Une loi pour corriger les déséquilibres hérités de la colonisation et de l'apartheid en Afrique du Sud où les agriculteurs blancs cultivent toujours la majorité des terres, devrait être votée cette année, limitant la propriété et empêchant les étrangers d'acquérir du foncier.
Annoncée jeudi soir par le président Jacob Zuma dans son discours annuel sur l'état de la Nation, la loi ne s'appliquera pas rétroactivement mais un droit de préemption notamment en faveur de l'Etat est prévu "si la terre est considérée comme stratégique", selon des détails divulgués samedi par la présidence.
Éminemment sensible et réveillant chez une partie des Sud-Africains le spectre de la violente réforme agraire du début des années 2000 au Zimbabwe voisin, la loi doit répondre au "besoin de garantir la sécurité alimentaire limitée du pays et de palier l'injustice foncière de plus de 300 ans de colonialisme et d'apartheid", a souligné la présidence.
D'où une réforme en trois temps. D'abord, un délai de cinq ans de plus déjà voté en 2014 pour que les familles de couleur expropriées sous la domination blanche puissent réclamer une restitution ou une compensation. Le délai court jusqu'au 30 juin 2019. Ensuite, le démembrement des très grands domaines. Et enfin, la possibilité à l'étude d'accorder 50% des droits de propriété d'une ferme aux ouvriers agricoles vivant et travaillant dessus.
Politiquement, le but de M. Zuma, ont souligné des commentateurs, est de couper l'herbe sous le pied à son plus bruyant adversaire du moment, le populiste radical Julius Malema qui a réussi une percée à l'Assemblée en 2014 en prônant des expropriations sans compensation.
La nouvelle loi, "bientôt présentée au conseil des ministres" limitera la propriété des terres à 12. 000 hectares par personne, soit "l'équivalent environ de deux fermes" et "si quelqu'un dépasse, le gouvernement achètera et redistribuera les terres excédant la limite", selon le communiqué.
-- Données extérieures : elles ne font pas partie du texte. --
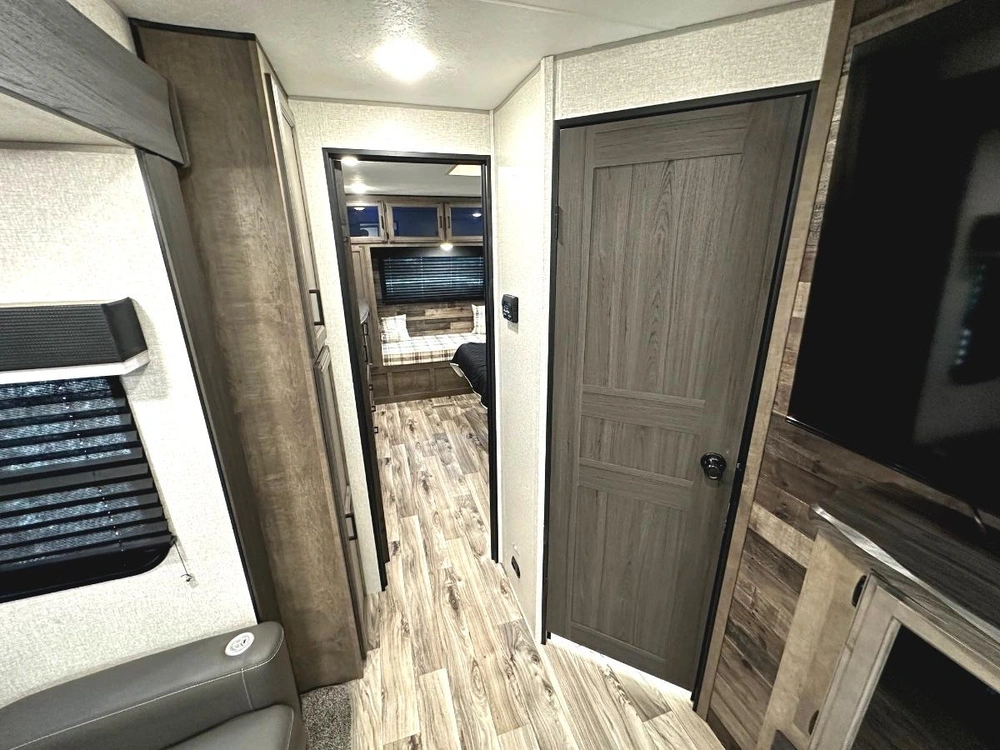 2022 Venture Rv Sporttrek 272vrk alt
- transformation "radicale" -
Concernant les étrangers, ils ne pourront plus que louer la terre pour 30 à 50 ans. Une mesure plus symbolique qu'autre chose puisque seulement 5% à 7% des terres sont aux mains d'étrangers, a critiqué Lew Geffen, dirigeant du réseau immobilier de luxe Sotheby International Realty. "C'est un très mauvais calcul susceptible d'avoir de sérieuses répercussions sur la confiance des investisseurs dans le pays", a-t-il ajouté.
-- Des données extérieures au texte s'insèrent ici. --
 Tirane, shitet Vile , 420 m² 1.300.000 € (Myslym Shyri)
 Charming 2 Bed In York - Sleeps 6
"Ce ne sont pas tous les immigrants en Afrique du Sud qui seront exclus de la propriété", a indiqué la présidence, soulignant que cela concernait ceux qui n'ont pas la citoyenneté sud-africaine ou les personnes juridiques sous contrôle majoritaire étranger.
Autre précision inattendue mais de taille, "ceux qui sont déjà propriétaires ne verront pas leurs titres modifiés par la loi. Cependant, dans ces cas-là , un droit de préemption s'appliquera en faveur d'un autre citoyen sud-africain et de l'Etat si le terrain est considéré comme stratégique", selon la présidence.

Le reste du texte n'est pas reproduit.